BEGIN DATA SECTION

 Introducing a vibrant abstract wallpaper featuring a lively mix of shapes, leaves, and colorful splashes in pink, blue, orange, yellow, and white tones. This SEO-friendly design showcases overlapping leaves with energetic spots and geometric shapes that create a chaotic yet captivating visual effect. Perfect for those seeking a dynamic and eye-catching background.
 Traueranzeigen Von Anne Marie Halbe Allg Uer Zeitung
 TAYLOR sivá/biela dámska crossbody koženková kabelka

END DATA SECTION

> _EXERCISE PROMPT_: The material must be written out again in full and without changes.

> _COMPLETED EXERCISE_:
 Introducing a vibrant abstract wallpaper featuring a lively mix of shapes, leaves, and colorful splashes in pink, blue, orange, yellow, and white tones. This SEO-friendly design showcases overlapping leaves with energetic spots and geometric shapes that create a chaotic yet captivating visual effect. Perfect for those seeking a dynamic and eye-catching background.
 Traueranzeigen Von Anne Marie Halbe Allg Uer Zeitung
 TAYLOR sivá/biela dámska crossbody koženková kabelka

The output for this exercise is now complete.